(Task directions)
No pictures belong in the copy. Restate the rest of the data exactly.

═══ Material supplied

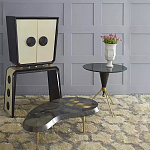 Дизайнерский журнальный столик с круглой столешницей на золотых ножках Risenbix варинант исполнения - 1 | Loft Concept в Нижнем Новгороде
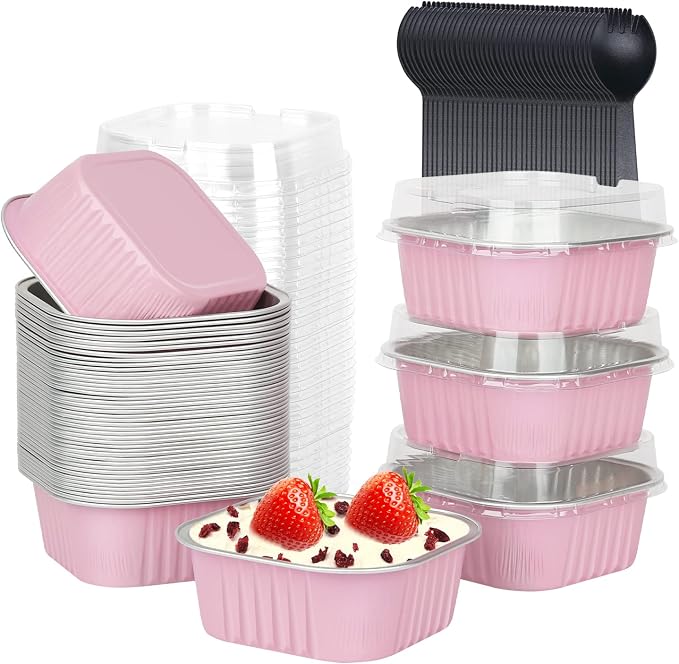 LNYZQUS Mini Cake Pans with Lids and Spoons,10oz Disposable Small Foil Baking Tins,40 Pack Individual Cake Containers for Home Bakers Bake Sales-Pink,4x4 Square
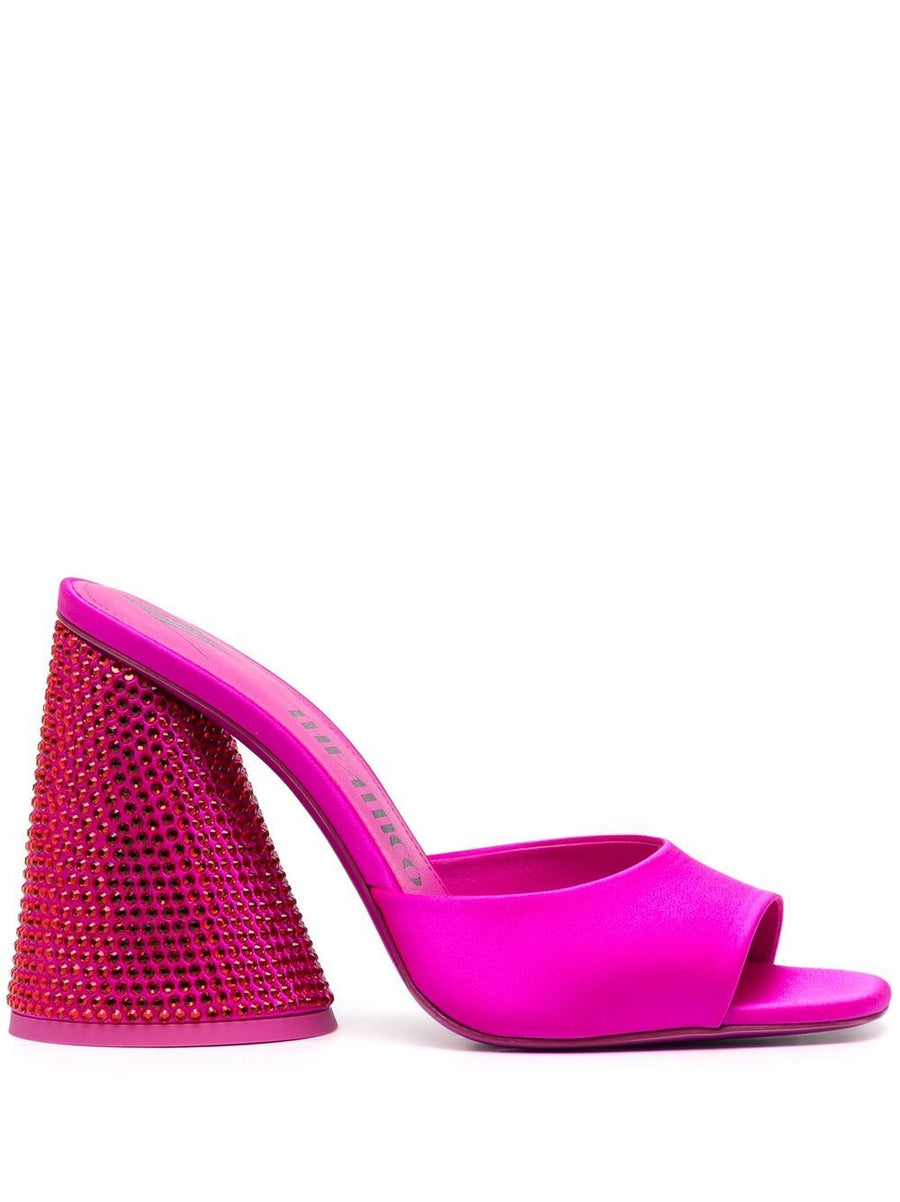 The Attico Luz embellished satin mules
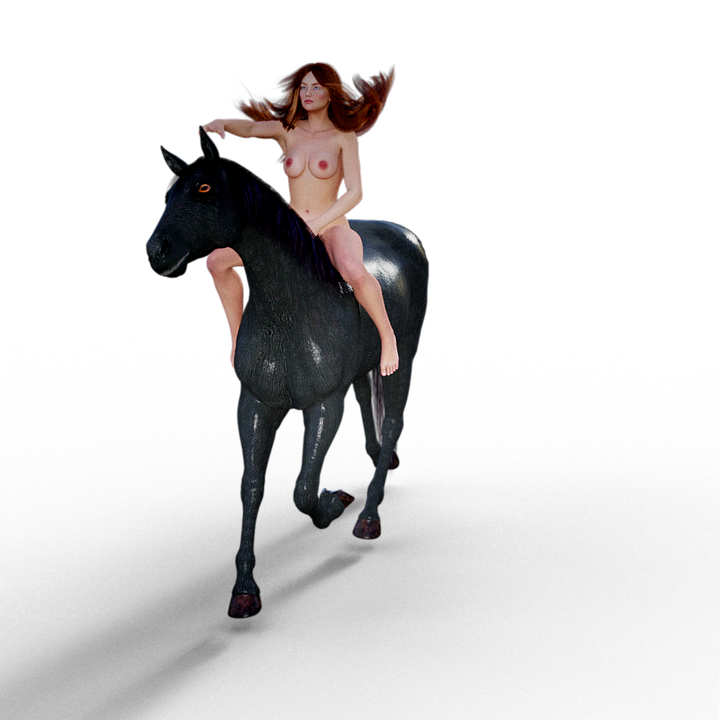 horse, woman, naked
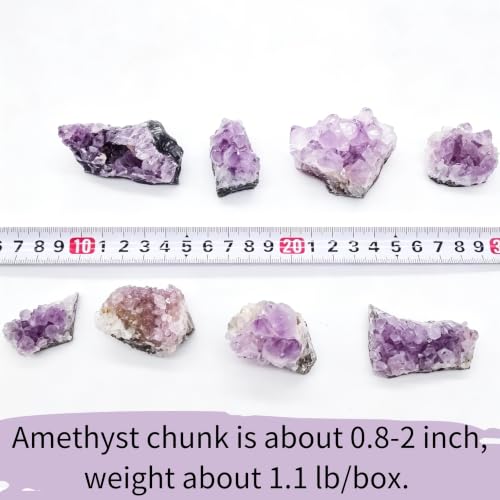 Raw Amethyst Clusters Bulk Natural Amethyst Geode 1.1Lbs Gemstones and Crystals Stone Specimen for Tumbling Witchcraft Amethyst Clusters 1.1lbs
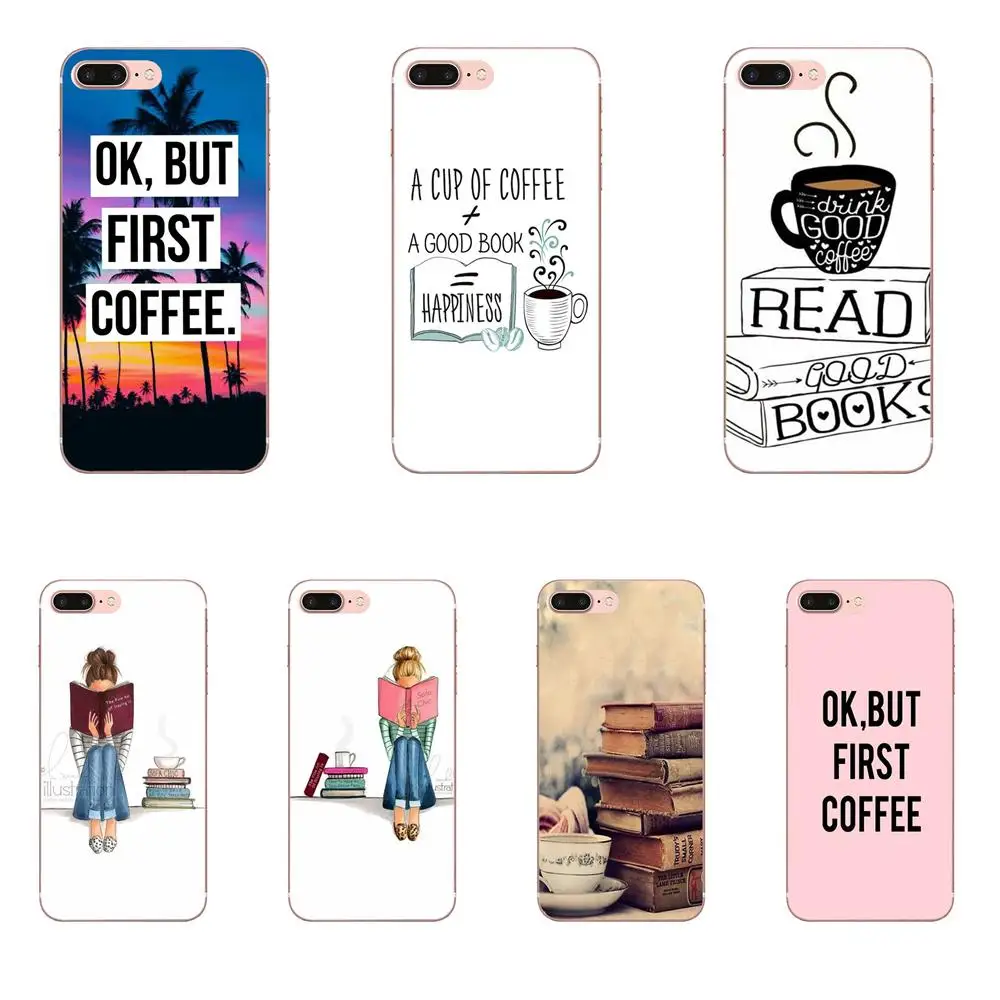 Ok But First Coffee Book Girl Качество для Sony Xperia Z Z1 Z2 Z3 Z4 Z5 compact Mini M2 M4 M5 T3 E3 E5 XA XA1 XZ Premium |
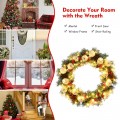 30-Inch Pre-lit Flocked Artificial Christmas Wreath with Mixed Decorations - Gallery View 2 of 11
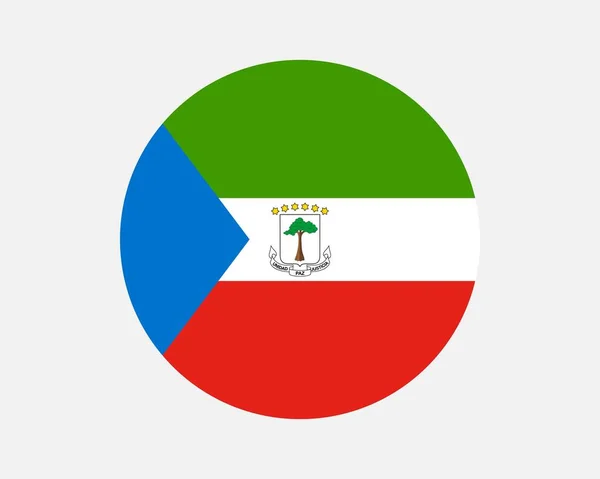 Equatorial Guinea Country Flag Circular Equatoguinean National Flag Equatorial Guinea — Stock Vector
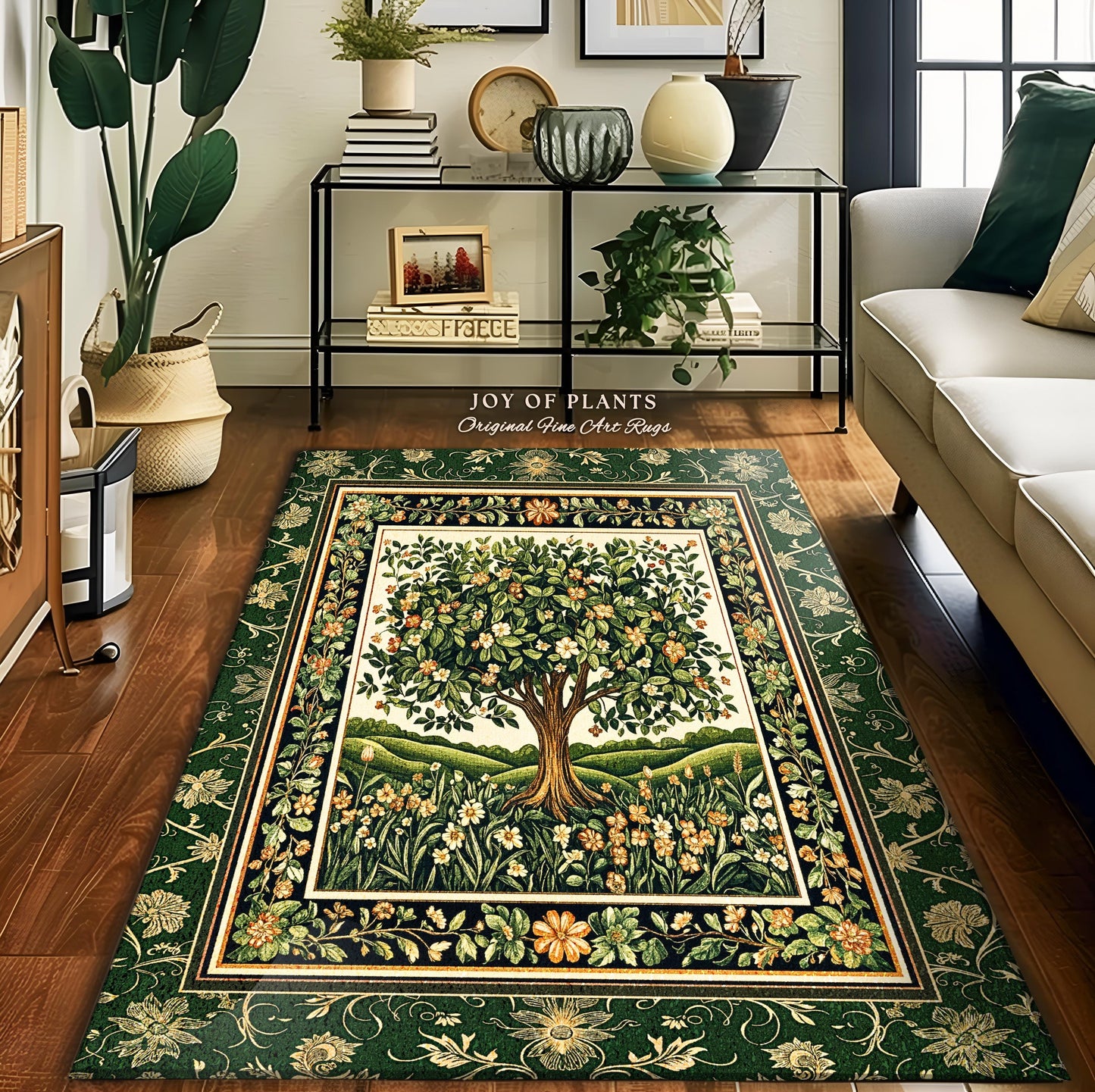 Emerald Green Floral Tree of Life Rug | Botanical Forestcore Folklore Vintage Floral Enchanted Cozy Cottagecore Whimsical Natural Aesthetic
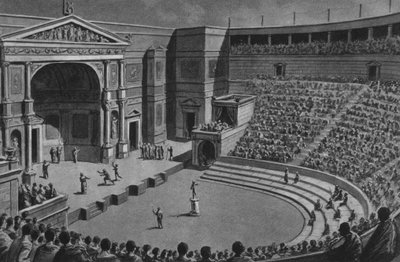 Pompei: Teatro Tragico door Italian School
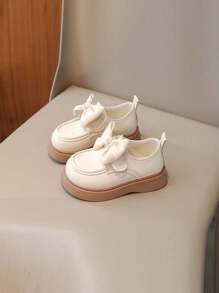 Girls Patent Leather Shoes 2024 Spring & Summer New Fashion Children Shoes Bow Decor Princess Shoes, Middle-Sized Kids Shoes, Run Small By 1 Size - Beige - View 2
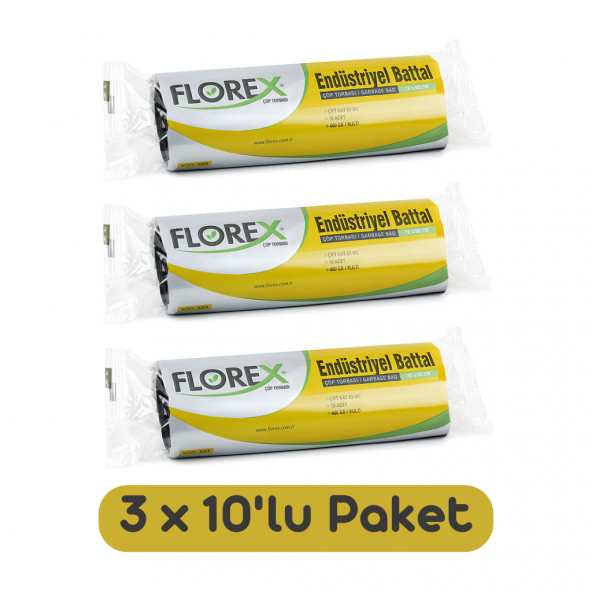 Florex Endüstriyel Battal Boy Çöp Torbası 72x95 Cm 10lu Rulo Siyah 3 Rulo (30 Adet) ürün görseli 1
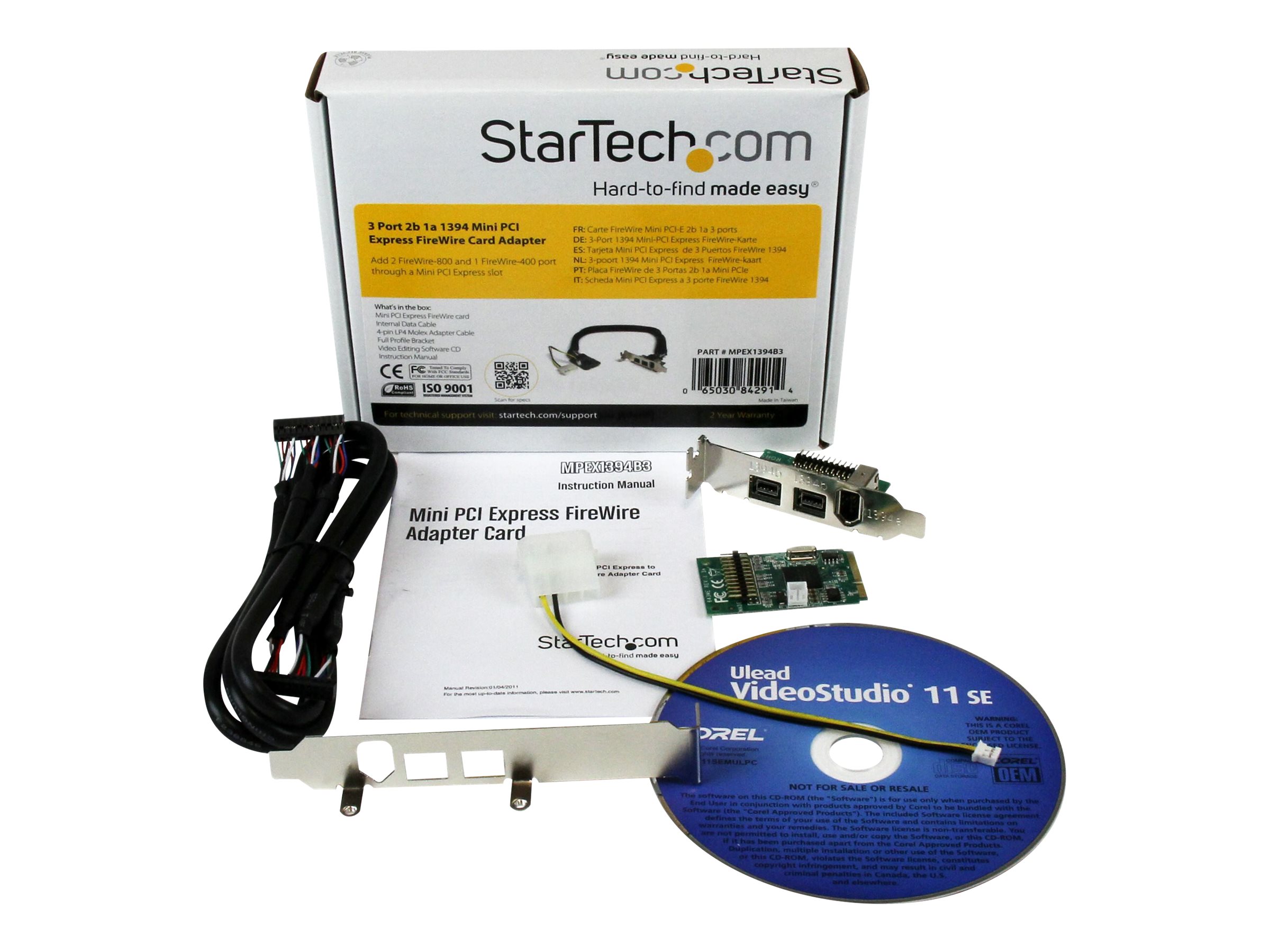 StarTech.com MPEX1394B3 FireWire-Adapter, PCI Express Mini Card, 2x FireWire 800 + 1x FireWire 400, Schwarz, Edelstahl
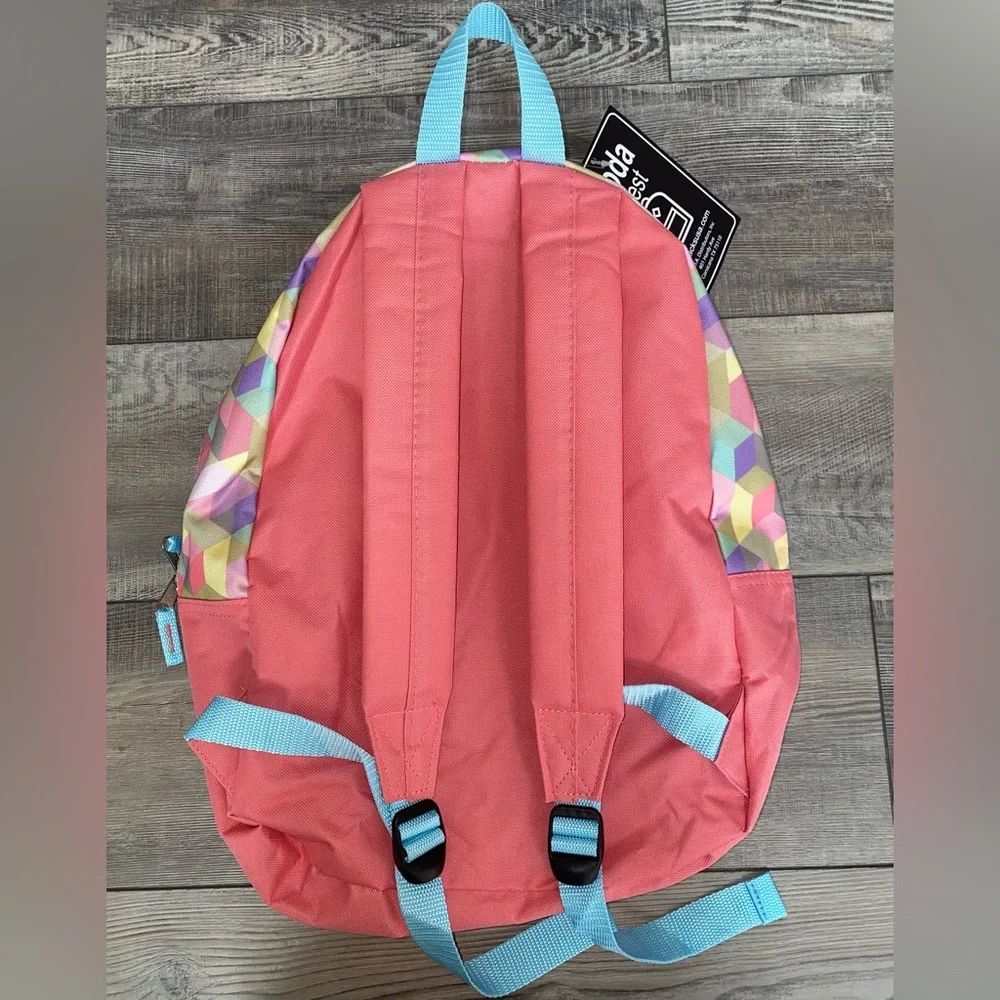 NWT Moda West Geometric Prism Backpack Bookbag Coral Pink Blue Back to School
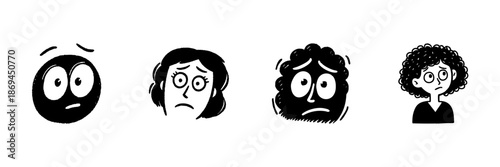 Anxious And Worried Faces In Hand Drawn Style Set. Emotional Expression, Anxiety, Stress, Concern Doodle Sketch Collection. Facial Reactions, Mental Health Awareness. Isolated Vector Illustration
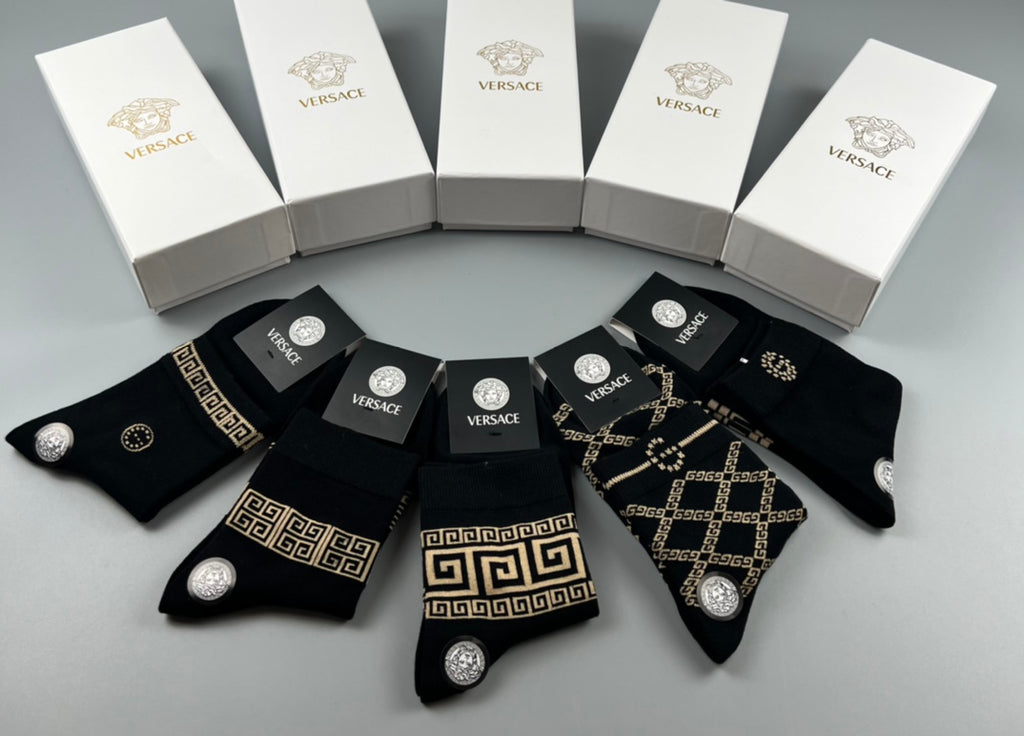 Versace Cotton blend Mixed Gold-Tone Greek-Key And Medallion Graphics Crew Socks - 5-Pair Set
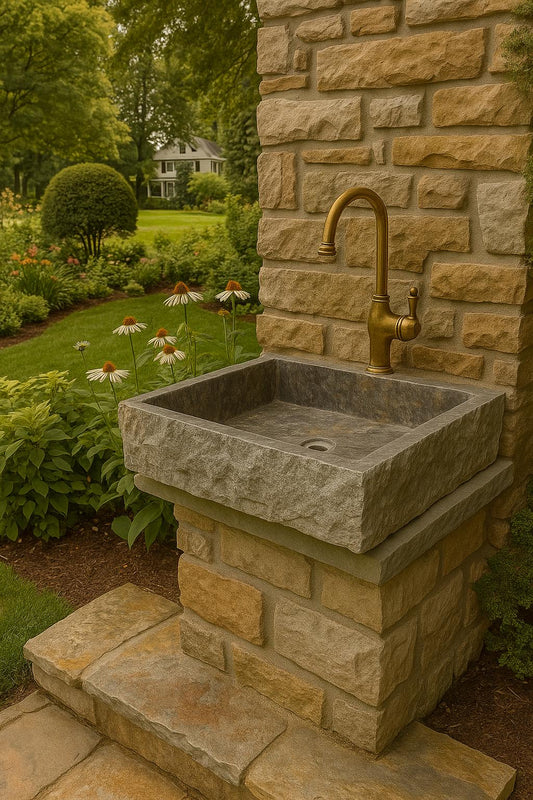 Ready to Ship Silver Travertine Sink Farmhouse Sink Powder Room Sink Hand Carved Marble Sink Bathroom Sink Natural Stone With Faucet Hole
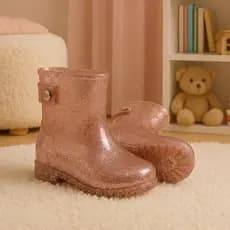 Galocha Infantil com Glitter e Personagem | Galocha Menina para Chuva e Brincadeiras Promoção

══════

(Your response)
 Дизайнерский журнальный столик с круглой столешницей на золотых ножках Risenbix варинант исполнения - 1 | Loft Concept в Нижнем Новгороде
 LNYZQUS Mini Cake Pans with Lids and Spoons,10oz Disposable Small Foil Baking Tins,40 Pack Individual Cake Containers for Home Bakers Bake Sales-Pink,4x4 Square
 The Attico Luz embellished satin mules
 horse, woman, naked
 Raw Amethyst Clusters Bulk Natural Amethyst Geode 1.1Lbs Gemstones and Crystals Stone Specimen for Tumbling Witchcraft Amethyst Clusters 1.1lbs
 Ok But First Coffee Book Girl Качество для Sony Xperia Z Z1 Z2 Z3 Z4 Z5 compact Mini M2 M4 M5 T3 E3 E5 XA XA1 XZ Premium |
 30-Inch Pre-lit Flocked Artificial Christmas Wreath with Mixed Decorations - Gallery View 2 of 11
 Equatorial Guinea Country Flag Circular Equatoguinean National Flag Equatorial Guinea — Stock Vector
 Emerald Green Floral Tree of Life Rug | Botanical Forestcore Folklore Vintage Floral Enchanted Cozy Cottagecore Whimsical Natural Aesthetic
 Pompei: Teatro Tragico door Italian School
 Girls Patent Leather Shoes 2024 Spring & Summer New Fashion Children Shoes Bow Decor Princess Shoes, Middle-Sized Kids Shoes, Run Small By 1 Size - Beige - View 2
 Florex Endüstriyel Battal Boy Çöp Torbası 72x95 Cm 10lu Rulo Siyah 3 Rulo (30 Adet) ürün görseli 1
 StarTech.com MPEX1394B3 FireWire-Adapter, PCI Express Mini Card, 2x FireWire 800 + 1x FireWire 400, Schwarz, Edelstahl
 NWT Moda West Geometric Prism Backpack Bookbag Coral Pink Blue Back to School
 Anxious And Worried Faces In Hand Drawn Style Set. Emotional Expression, Anxiety, Stress, Concern Doodle Sketch Collection. Facial Reactions, Mental Health Awareness. Isolated Vector Illustration
 Versace Cotton blend Mixed Gold-Tone Greek-Key And Medallion Graphics Crew Socks - 5-Pair Set
 Ready to Ship Silver Travertine Sink Farmhouse Sink Powder Room Sink Hand Carved Marble Sink Bathroom Sink Natural Stone With Faucet Hole
 Galocha Infantil com Glitter e Personagem | Galocha Menina para Chuva e Brincadeiras Promoção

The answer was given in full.